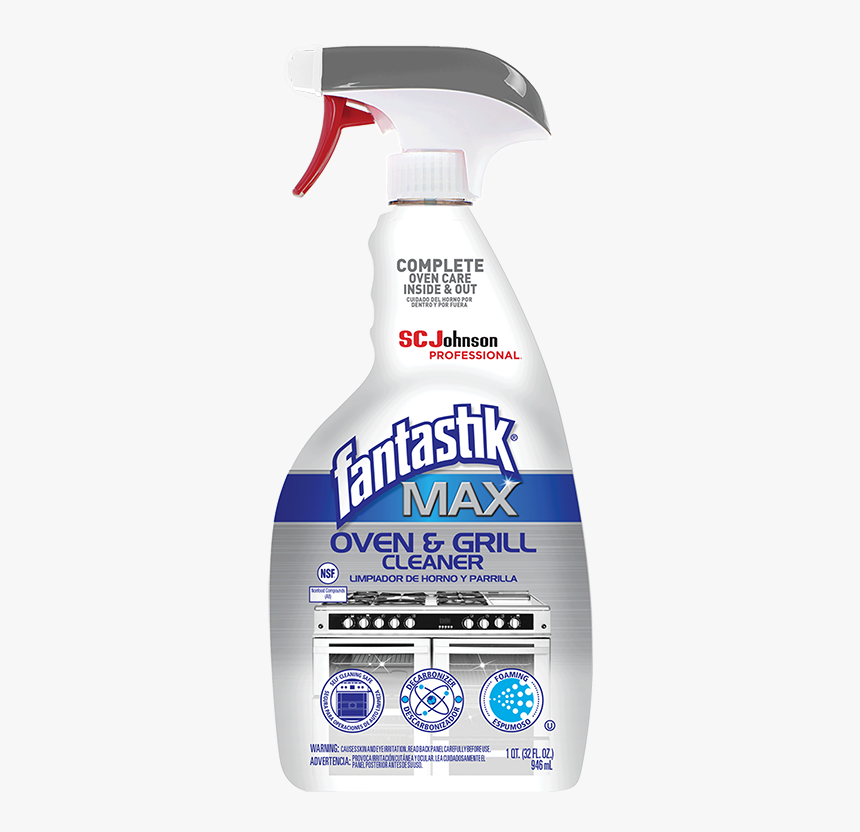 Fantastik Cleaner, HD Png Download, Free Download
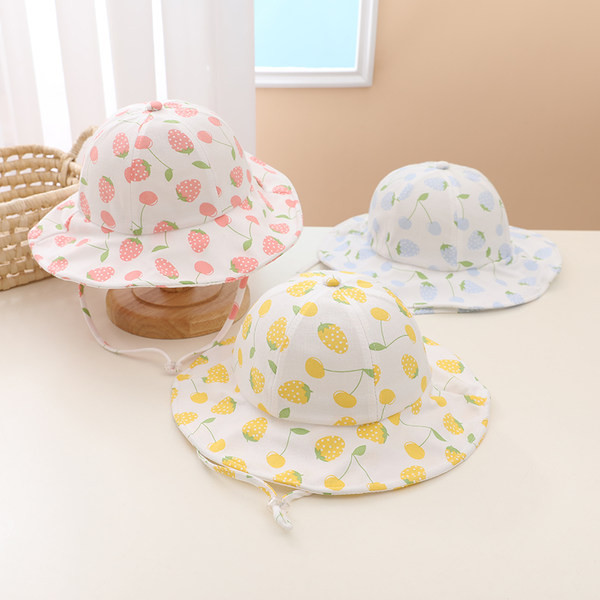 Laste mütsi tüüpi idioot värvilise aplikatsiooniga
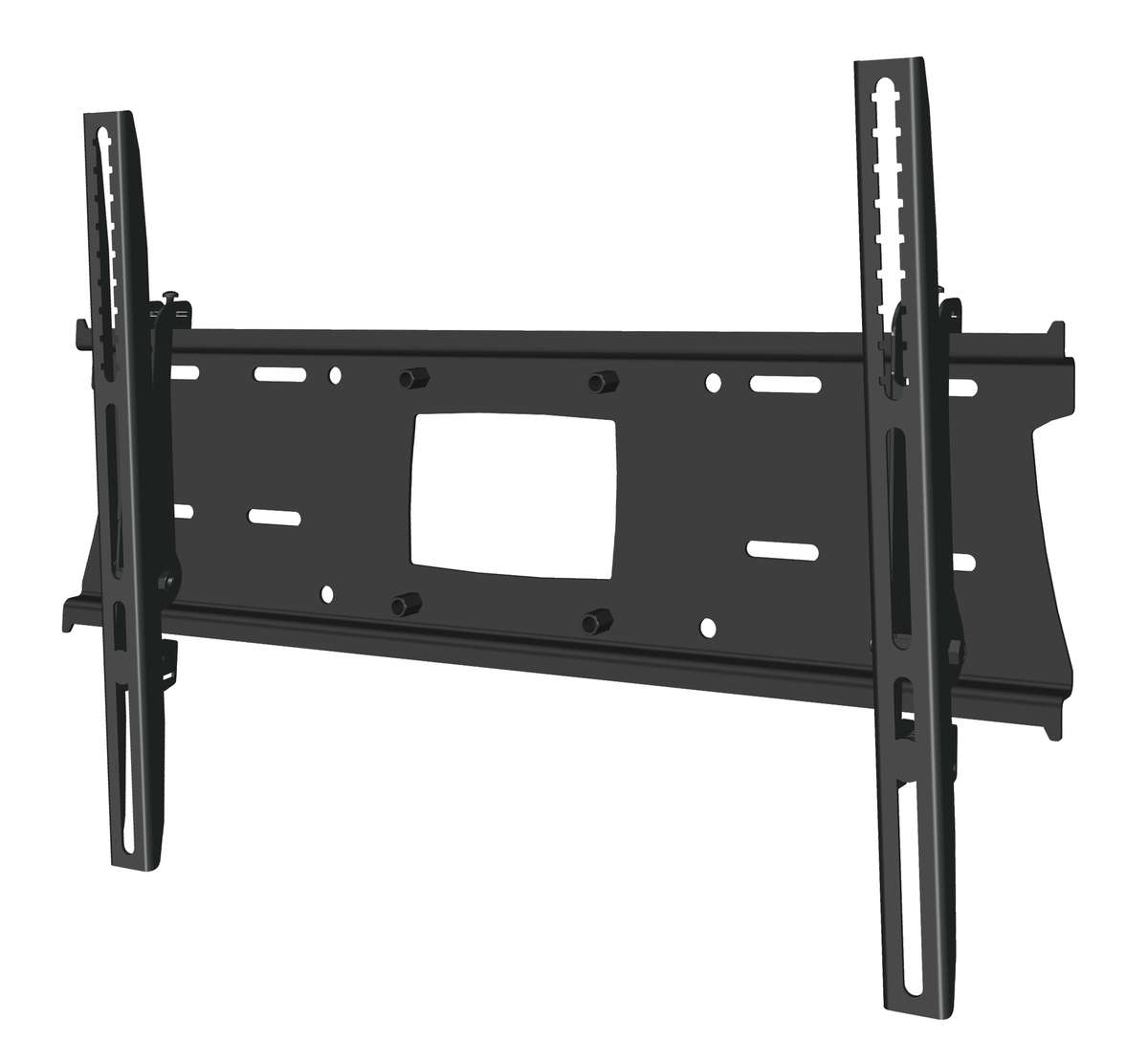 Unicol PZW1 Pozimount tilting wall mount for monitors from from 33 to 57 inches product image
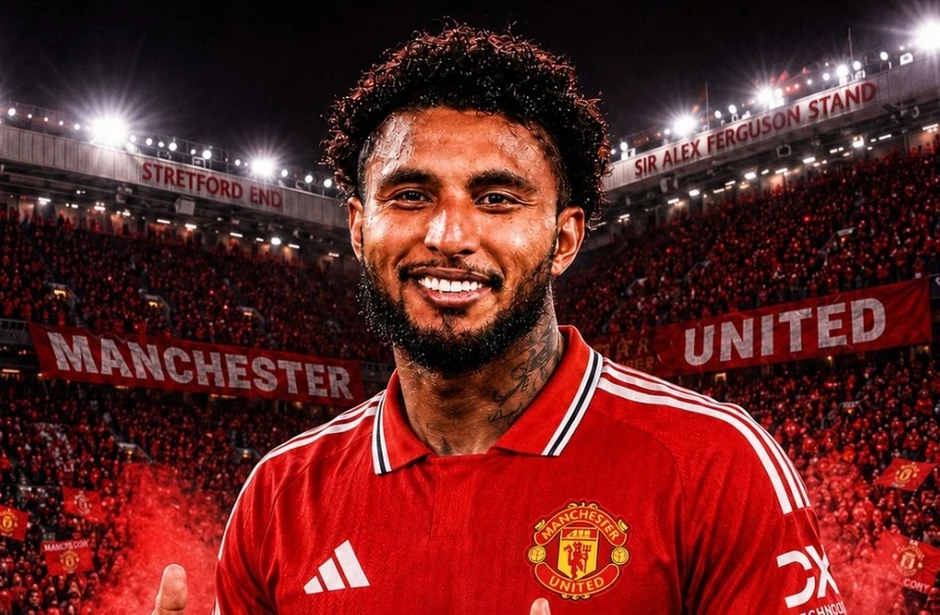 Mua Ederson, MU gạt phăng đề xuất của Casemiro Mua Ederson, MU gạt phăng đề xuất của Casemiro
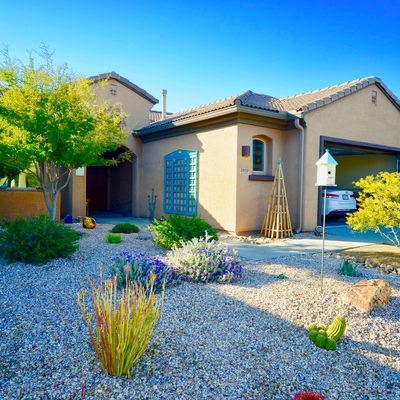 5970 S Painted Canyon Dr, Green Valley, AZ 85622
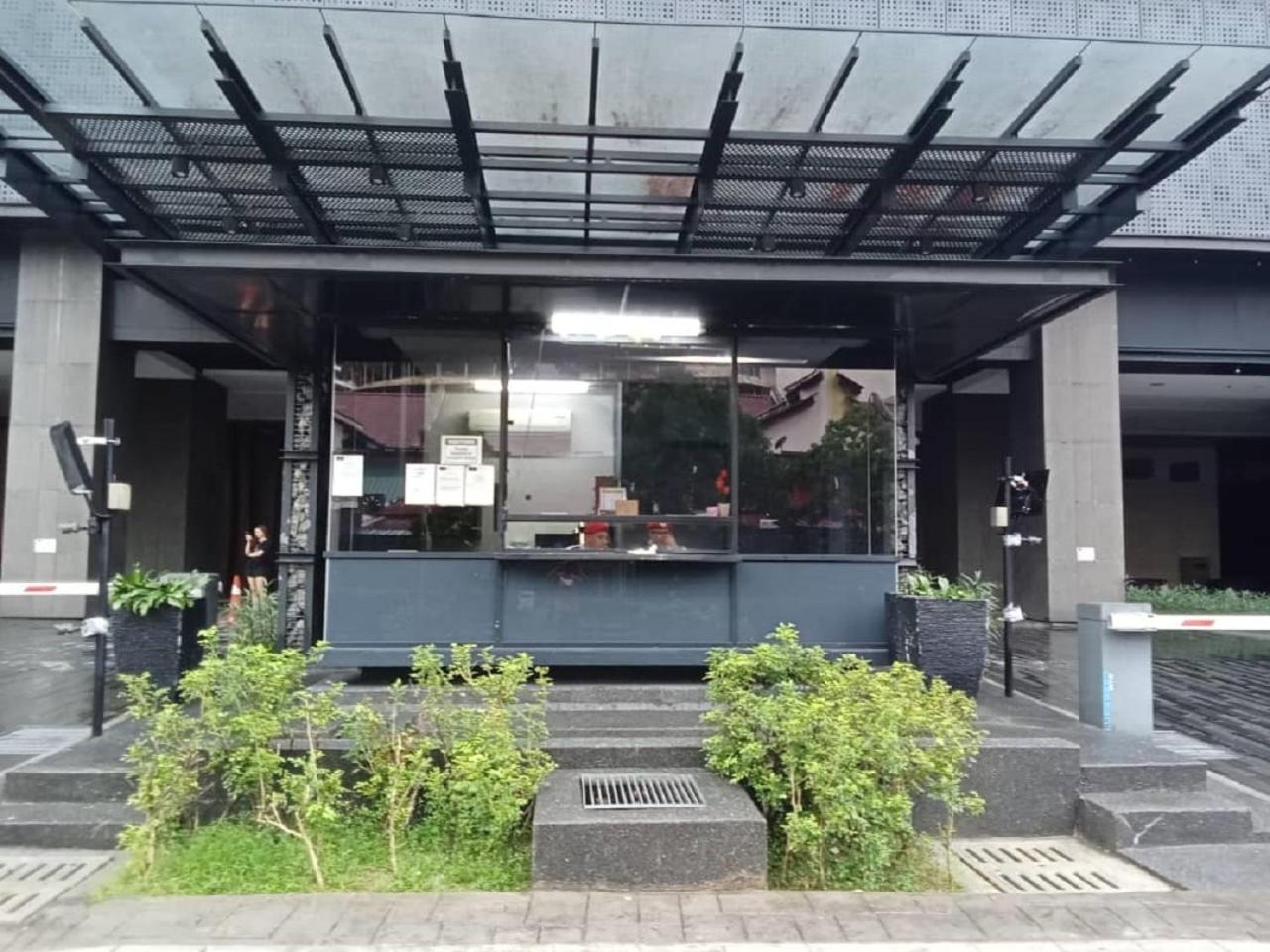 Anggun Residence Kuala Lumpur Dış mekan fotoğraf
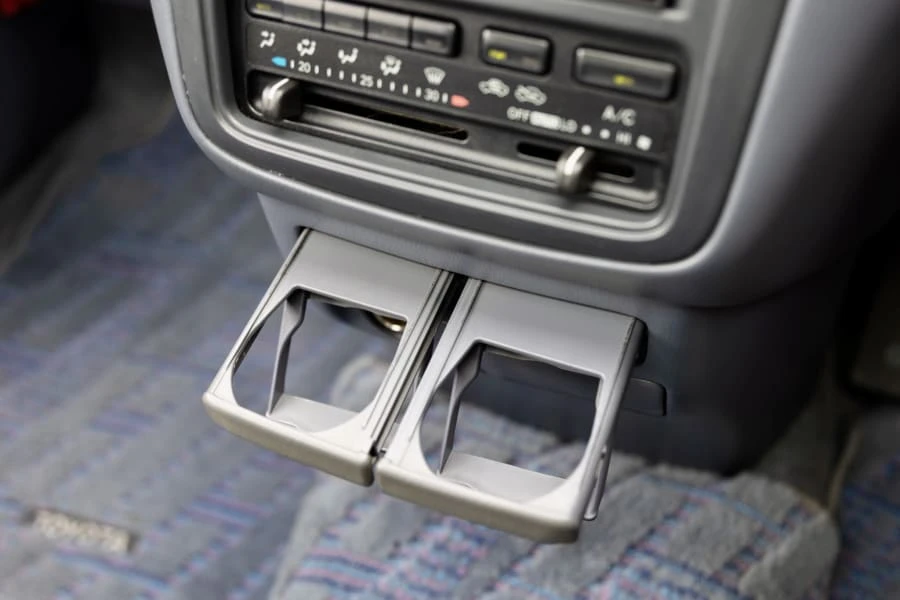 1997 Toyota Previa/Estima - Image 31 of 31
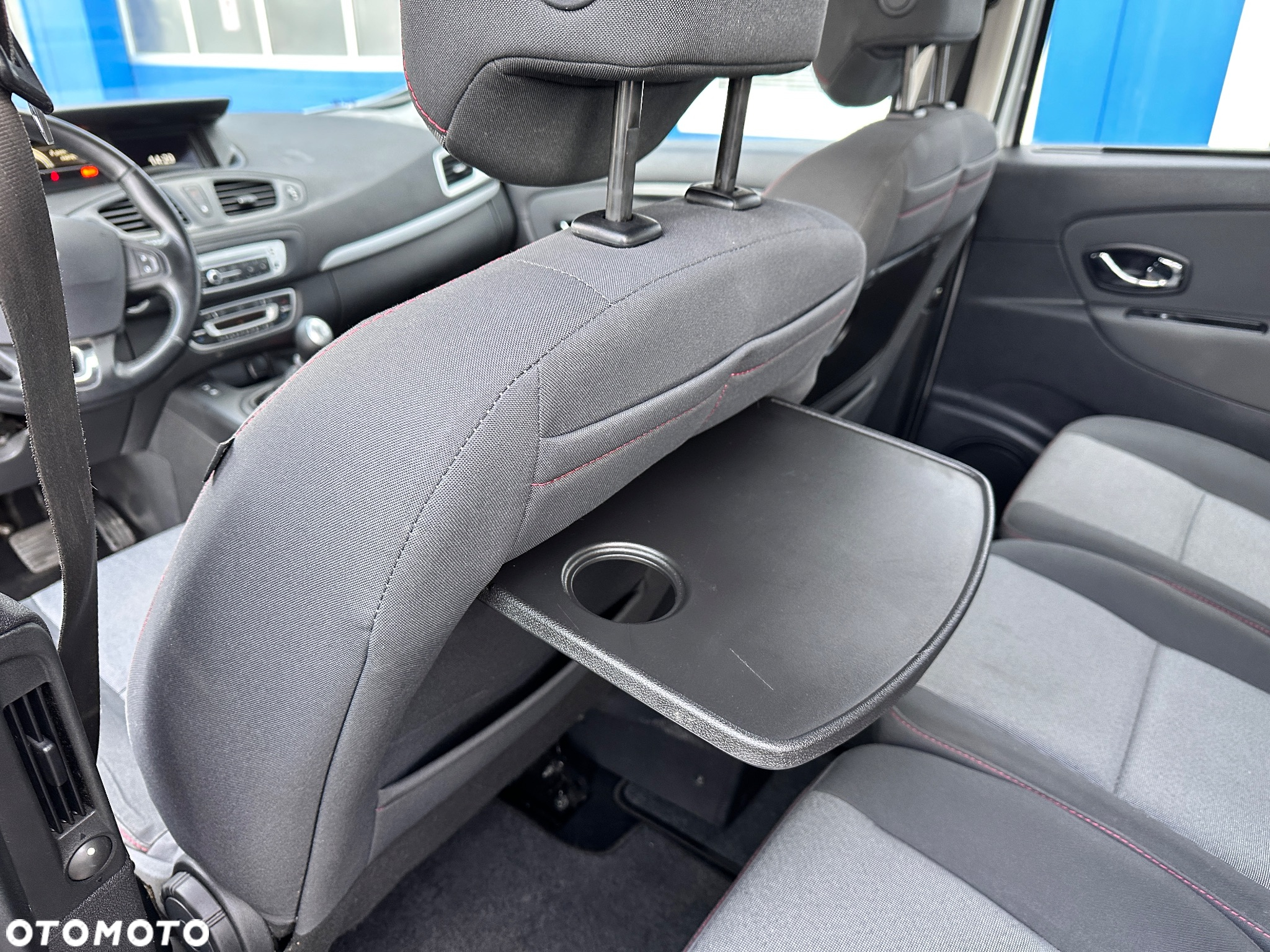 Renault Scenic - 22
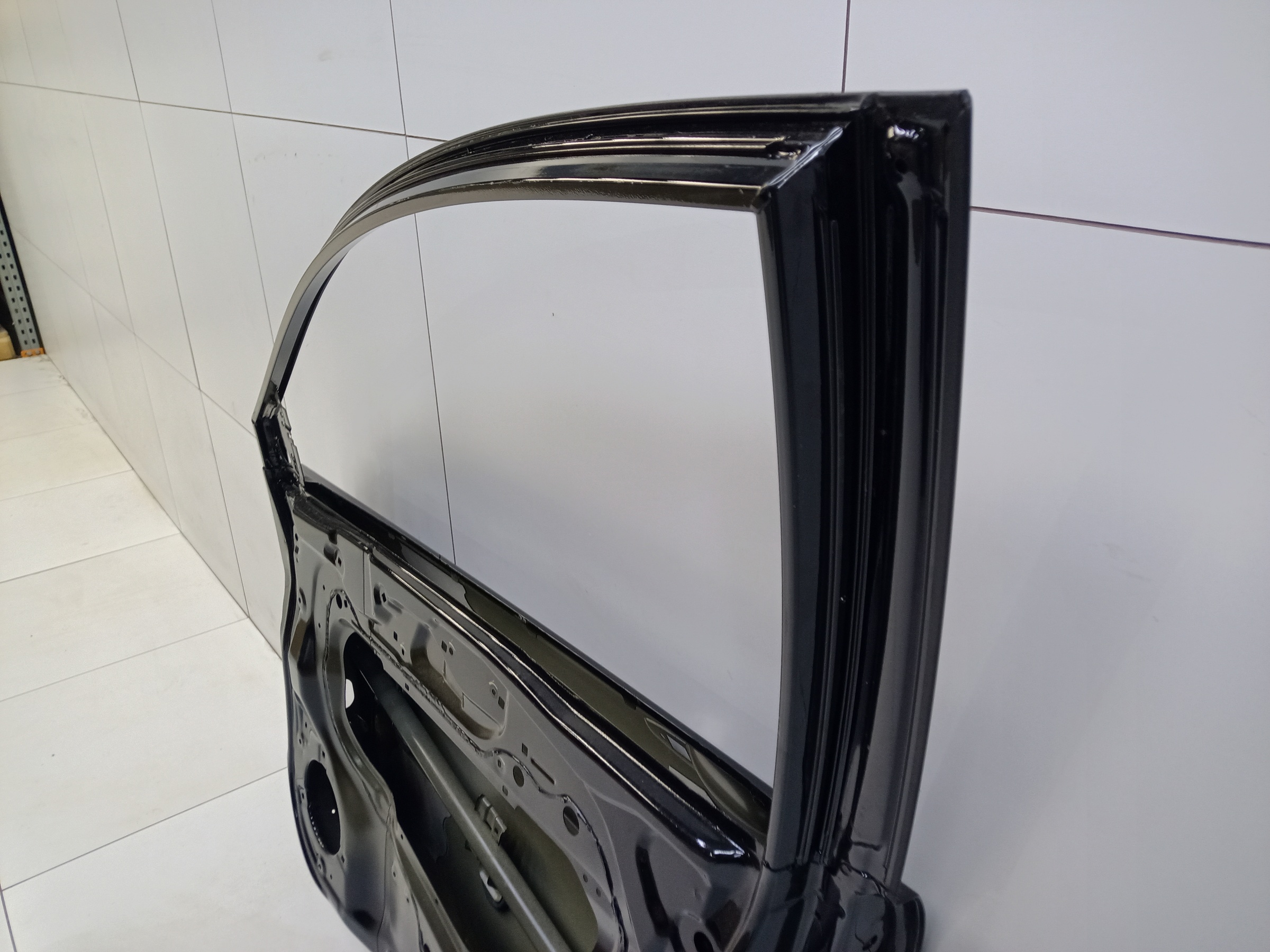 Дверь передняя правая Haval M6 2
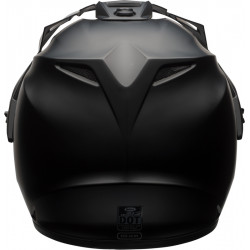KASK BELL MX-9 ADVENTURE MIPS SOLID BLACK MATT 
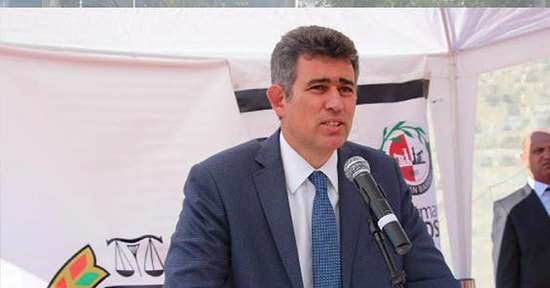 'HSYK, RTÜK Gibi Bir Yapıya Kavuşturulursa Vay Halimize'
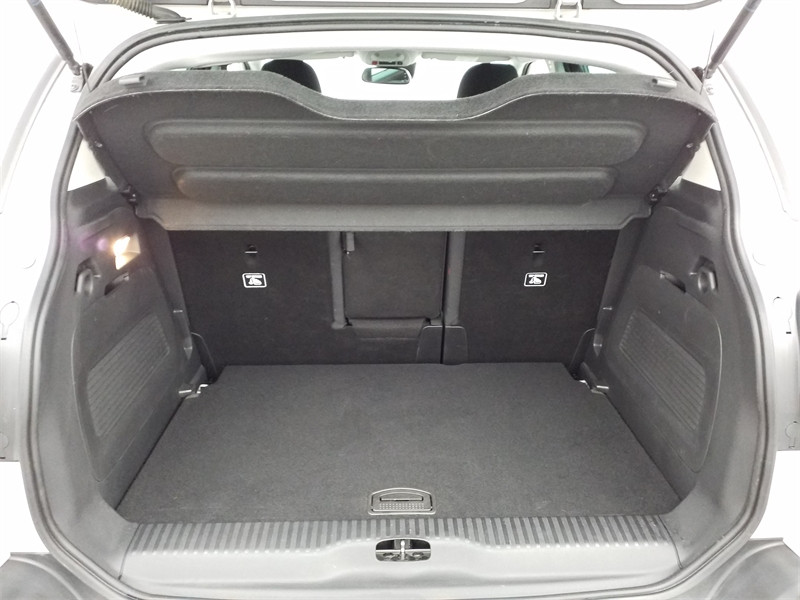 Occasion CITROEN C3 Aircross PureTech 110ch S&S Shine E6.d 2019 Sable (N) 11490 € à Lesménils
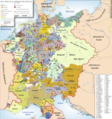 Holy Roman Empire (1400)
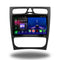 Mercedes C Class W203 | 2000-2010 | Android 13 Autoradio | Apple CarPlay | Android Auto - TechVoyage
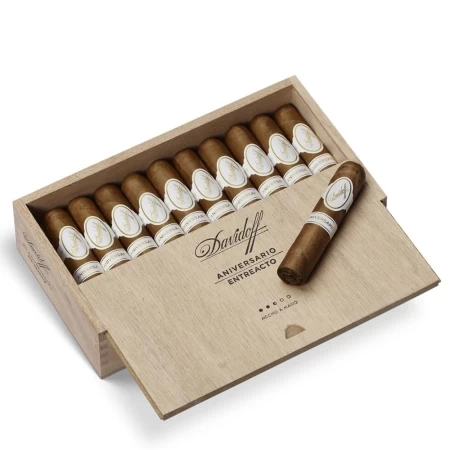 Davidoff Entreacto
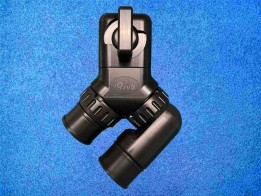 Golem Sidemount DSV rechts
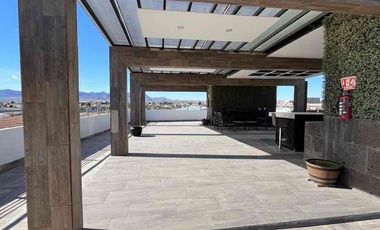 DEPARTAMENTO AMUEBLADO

→ ASSIGNMENT:
Produce an exact reproduction of the listing above, limited to the lines starting at the line with "Mua Ederson, MU gạt phăng đề xuất của Casemiro Mua" and ending at the line with "Occasion CITROEN C3", both kept, with every picture left out.

→ SOLVED PROBLEM:
 Mua Ederson, MU gạt phăng đề xuất của Casemiro Mua Ederson, MU gạt phăng đề xuất của Casemiro
 5970 S Painted Canyon Dr, Green Valley, AZ 85622
 Anggun Residence Kuala Lumpur Dış mekan fotoğraf
 1997 Toyota Previa/Estima - Image 31 of 31
 Renault Scenic - 22
 Дверь передняя правая Haval M6 2
KASK BELL MX-9 ADVENTURE MIPS SOLID BLACK MATT 
 'HSYK, RTÜK Gibi Bir Yapıya Kavuşturulursa Vay Halimize'
 Occasion CITROEN C3 Aircross PureTech 110ch S&S Shine E6.d 2019 Sable (N) 11490 € à Lesménils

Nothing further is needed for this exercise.